River in Estrie, Quebec (Canada)

The Kokombis river (in French: rivière Kokombis) is a tributary of the east bank of the Nebnellis River which empties on the south-eastern bank of the Chaudière River; the latter flows northward to empty on the south shore of the St. Lawrence River.

The Kokombis River flows through the municipalities of Audet and Frontenac, in the Le Granit Regional County Municipality, in the administrative region of Estrie, in Quebec, in Canada.

== Geography ==
The main neighboring hydrographic slopes of the Kokombis river are:
- north side: Chaudière River, Nebnellis River, Samson River;
- east side: Nebnellis River, Samson River, Renards River;
- south side: rivière aux Araignées, rivière des Indiens;
- west side: Nebnellis River, lake Mégantic.

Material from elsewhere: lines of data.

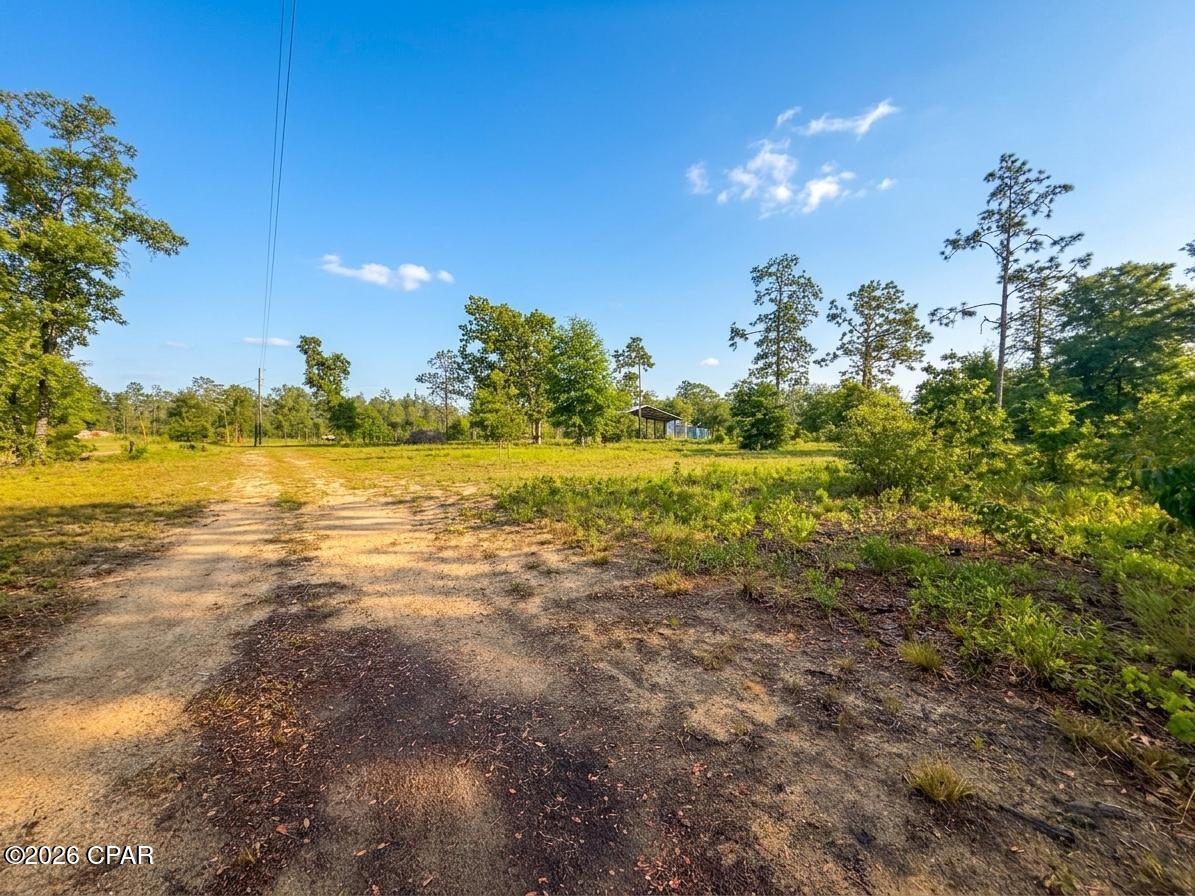 268 Horse Farm Road Marianna, FL 32448 - Photo 13 of 21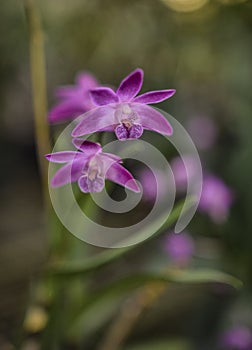 Dendrobium kingianum Orchid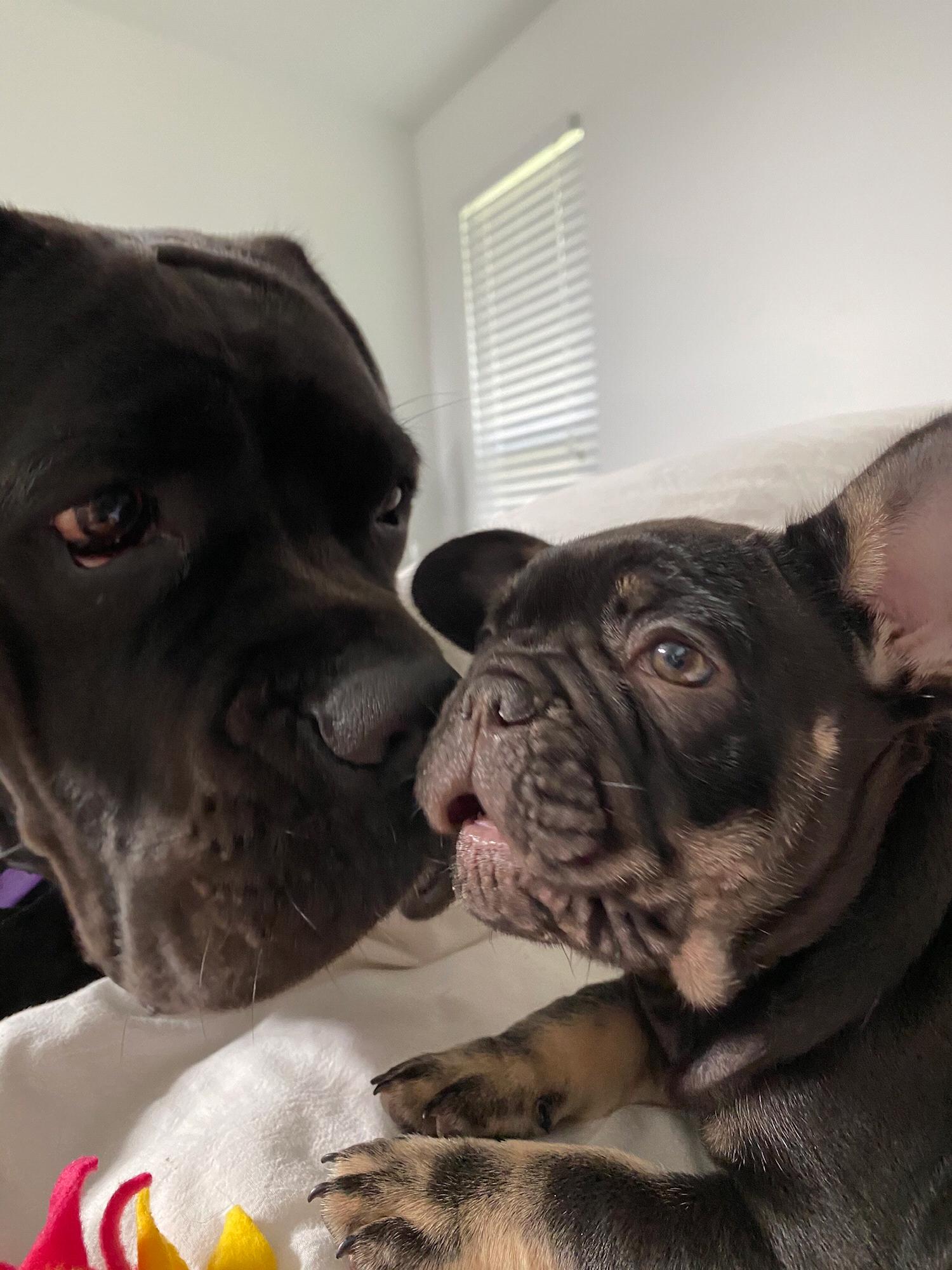 Ava meeting her new baby sister. Look at that size difference!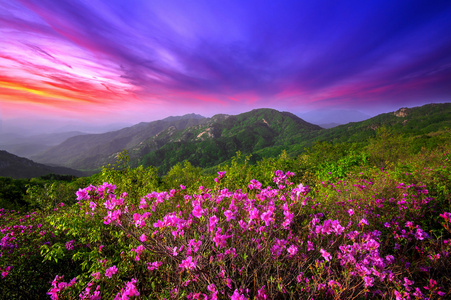 美丽的粉红色花朵，在夕阳下，在韩国的 Hwangmaesan 山山上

The Kokombis River has its source south of Mount Dostie, in a mountainous area in the southern part of the municipality of Audet, near the Canada-US border. This spring is located north of Lake Boundary Pond.

From its source, the Kokombis River flows over 10.0 km divided into the following segments:
- 4.5 km westward into Audet, to the municipal limit of Frontenac;
- 3.8 km north-west, to route 204 whose bridge was rebuilt between June and October 2015.;
- 1.7 km north-west, up to its confluence.

The Kokombis River empties on the east bank of the Nebnellis River which is a tributary of the southeast bank of the Chaudière River in the municipality of Frontenac.

== Toponymy ==
The toponym "Kokombis river" probably appeared for the first time in a survey report of the township of Spalding (1861) compiled by Amédée Duchesnay (1825-1881). The surveyor notes there: "I can cite, among others, the streams bearing the wild names of Nebnellis and Kokombis". This last Amerindianyme could derive, according to the geographer Philippe Charland, from "kikonebes" meaning "lake in the field".

The toponym Kokombis River was formalized on December 5, 1968, at the Commission de toponymie du Québec.